How Big Pharma’s Money is Affecting Our Health and Our Wallets
Pharmaceutical companies have significant power and influence over our health – but this influence isn’t always positive. In order to push their products, pharmaceutical companies have paid doctors across a variety of fields of medicine to prescribe their drugs.
The Law Firm created this infographic to highlight big pharma spending and encourage a “conservative prescribing” approach, which will offer benefits to our health and wallets.
The doctor most highly profiting from big pharma money is Dr. Sujata Narayan, practitioner of family medicine, earning $43.9 million. Following close behind him are doctors of pediatric critical care, orthopaedic surgery, cardiovascular disease and neurological surgery earning anywhere from $22 million to $32.1 million from big pharma.
Some of the most recognizable names in the pharmaceutical industry have driven this trend. Genentech Inc., producer of Valium, Klonopin and Xenical, is by far the highest spending – topping in at $388 million. Patients managing anxiety disorders, seizures, panic attacks and obesity with this medication can expect to see symptoms ranging from drowsiness to psychosis and kidney problems, to name a few.

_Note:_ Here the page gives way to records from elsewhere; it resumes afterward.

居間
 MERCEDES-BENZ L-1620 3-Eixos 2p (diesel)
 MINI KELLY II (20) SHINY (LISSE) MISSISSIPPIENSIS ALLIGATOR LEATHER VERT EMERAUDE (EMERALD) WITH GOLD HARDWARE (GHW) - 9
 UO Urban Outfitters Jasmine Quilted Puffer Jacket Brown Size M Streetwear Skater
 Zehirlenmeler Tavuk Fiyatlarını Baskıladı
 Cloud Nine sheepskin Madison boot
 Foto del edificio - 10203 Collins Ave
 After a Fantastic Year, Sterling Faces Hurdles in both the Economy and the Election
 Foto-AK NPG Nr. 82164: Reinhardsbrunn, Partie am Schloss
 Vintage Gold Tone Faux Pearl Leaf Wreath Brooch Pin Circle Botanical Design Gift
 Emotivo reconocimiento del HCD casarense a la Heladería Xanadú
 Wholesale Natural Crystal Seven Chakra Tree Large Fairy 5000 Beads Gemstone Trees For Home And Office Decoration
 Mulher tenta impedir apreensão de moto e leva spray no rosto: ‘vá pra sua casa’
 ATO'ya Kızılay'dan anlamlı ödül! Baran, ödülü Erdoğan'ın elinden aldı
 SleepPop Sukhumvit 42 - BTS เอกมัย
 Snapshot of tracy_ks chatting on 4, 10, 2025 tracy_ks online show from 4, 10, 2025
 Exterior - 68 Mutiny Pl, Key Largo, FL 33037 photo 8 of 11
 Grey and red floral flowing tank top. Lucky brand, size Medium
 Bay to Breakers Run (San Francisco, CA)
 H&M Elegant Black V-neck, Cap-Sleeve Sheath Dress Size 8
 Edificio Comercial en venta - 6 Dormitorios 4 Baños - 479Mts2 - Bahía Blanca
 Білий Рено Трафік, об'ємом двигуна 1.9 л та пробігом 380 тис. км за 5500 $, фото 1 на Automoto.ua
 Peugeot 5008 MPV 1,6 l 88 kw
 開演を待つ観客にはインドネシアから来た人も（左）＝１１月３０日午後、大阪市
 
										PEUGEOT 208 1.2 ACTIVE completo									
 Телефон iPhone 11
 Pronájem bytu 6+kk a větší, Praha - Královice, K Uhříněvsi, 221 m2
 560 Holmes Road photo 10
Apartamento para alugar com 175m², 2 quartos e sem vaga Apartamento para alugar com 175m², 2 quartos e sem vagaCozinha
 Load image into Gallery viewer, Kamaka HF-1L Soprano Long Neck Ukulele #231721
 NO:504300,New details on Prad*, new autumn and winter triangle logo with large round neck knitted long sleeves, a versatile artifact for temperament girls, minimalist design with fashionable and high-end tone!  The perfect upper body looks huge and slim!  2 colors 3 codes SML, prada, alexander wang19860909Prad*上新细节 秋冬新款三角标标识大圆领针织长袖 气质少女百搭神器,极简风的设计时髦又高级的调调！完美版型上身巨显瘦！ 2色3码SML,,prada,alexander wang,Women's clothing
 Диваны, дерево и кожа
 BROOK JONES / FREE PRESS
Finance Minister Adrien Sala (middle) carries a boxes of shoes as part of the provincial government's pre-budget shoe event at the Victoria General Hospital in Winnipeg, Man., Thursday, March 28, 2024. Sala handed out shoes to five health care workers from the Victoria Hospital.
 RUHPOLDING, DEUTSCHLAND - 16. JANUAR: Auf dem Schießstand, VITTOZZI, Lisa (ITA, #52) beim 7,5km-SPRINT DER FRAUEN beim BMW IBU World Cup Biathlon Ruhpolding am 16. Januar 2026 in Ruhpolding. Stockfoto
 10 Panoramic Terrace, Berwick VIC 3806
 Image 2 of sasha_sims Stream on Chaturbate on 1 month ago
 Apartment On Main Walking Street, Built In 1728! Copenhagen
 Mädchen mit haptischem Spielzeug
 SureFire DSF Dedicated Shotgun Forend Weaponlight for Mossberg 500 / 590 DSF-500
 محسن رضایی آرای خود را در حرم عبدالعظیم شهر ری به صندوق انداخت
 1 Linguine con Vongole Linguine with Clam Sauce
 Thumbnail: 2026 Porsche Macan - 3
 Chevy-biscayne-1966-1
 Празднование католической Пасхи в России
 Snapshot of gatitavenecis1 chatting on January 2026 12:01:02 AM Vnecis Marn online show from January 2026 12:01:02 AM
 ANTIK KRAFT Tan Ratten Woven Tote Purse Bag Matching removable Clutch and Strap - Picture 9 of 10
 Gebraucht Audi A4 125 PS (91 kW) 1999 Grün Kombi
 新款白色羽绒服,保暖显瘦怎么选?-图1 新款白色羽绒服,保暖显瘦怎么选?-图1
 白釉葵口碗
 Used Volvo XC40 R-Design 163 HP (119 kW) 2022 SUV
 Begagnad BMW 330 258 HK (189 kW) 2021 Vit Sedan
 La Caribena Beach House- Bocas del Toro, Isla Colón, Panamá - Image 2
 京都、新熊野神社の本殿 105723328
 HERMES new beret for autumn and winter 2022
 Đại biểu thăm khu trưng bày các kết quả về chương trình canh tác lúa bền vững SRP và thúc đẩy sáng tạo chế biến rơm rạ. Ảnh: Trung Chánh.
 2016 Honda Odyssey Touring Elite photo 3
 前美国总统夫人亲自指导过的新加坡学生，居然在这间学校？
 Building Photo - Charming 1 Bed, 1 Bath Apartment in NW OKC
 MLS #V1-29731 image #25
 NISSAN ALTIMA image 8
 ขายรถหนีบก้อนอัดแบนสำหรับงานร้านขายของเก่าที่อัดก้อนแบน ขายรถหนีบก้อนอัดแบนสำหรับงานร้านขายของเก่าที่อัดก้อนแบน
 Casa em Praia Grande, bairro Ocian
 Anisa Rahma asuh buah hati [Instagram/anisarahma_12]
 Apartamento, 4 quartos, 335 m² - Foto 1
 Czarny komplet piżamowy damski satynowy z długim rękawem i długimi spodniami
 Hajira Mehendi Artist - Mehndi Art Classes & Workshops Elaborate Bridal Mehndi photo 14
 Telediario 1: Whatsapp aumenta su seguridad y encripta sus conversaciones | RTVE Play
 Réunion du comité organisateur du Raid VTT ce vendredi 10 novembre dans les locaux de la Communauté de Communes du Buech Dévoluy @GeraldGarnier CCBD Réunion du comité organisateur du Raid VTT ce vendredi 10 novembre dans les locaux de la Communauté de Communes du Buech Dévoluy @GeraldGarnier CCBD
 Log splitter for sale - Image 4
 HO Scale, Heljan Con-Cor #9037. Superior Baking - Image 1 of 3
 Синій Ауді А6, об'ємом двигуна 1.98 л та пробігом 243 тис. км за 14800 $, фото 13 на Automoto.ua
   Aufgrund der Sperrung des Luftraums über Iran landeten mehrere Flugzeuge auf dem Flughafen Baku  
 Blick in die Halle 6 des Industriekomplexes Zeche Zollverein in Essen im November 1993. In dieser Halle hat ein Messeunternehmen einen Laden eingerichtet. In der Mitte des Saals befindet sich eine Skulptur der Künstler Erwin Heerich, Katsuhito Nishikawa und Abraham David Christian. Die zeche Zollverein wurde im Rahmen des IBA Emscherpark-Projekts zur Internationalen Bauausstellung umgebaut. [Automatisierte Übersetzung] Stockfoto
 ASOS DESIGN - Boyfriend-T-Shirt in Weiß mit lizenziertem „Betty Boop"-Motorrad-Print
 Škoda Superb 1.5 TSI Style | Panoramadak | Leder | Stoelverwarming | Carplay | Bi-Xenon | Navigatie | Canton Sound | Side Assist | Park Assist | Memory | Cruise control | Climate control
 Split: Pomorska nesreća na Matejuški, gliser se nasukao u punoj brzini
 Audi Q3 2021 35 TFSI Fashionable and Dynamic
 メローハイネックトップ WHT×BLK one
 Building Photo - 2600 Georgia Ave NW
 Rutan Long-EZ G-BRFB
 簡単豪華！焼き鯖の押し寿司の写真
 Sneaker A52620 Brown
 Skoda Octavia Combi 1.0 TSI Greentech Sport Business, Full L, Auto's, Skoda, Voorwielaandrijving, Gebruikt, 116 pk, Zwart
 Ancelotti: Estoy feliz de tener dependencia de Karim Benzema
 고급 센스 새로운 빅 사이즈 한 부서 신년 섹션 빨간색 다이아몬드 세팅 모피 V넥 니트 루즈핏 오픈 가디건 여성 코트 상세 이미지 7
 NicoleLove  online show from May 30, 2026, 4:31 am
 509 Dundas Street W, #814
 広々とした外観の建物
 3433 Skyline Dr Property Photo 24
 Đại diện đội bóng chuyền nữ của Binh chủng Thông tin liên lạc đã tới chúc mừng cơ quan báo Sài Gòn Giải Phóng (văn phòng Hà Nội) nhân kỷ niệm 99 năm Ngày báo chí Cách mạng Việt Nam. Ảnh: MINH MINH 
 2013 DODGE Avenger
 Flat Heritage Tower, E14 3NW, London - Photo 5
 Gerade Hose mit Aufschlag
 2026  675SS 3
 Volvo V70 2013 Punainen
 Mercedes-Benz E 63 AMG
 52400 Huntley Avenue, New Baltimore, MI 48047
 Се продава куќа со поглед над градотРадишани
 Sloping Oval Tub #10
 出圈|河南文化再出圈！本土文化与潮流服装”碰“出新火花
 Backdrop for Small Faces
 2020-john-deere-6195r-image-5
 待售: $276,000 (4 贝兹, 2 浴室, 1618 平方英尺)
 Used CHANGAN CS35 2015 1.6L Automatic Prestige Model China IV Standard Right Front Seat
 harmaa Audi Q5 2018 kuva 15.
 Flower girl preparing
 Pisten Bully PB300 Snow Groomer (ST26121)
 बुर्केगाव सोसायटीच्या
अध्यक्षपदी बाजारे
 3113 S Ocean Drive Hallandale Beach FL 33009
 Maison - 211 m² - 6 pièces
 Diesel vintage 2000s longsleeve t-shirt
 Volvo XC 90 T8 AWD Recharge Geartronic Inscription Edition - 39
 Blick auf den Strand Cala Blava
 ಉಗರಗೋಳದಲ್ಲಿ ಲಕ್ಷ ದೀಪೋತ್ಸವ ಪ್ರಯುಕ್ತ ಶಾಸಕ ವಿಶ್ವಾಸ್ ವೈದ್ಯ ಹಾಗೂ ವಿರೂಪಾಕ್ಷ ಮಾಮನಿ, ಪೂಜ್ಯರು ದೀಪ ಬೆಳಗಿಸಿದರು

As well, companies like Johnson & Johnson, Pfizer and AstraZeneca were found to spend more on marketing than on the research and development of their products, with Johnson & Johnson spending more than double.
Rising drug prescriptions
All of this has contributed to the $1,112 the U.S. spends per capita on prescription drugs – more than any other country worldwide, and 4 times more than Mexico. This equates to more than 12 prescription drugs for the average American in a single year. For children this number is 4, and for seniors it rises to 27.
This infographic provides a detailed report of big pharma expenses from August 2013 to December 2014 – in which a total of $3.49 billion in disclosed payments were made.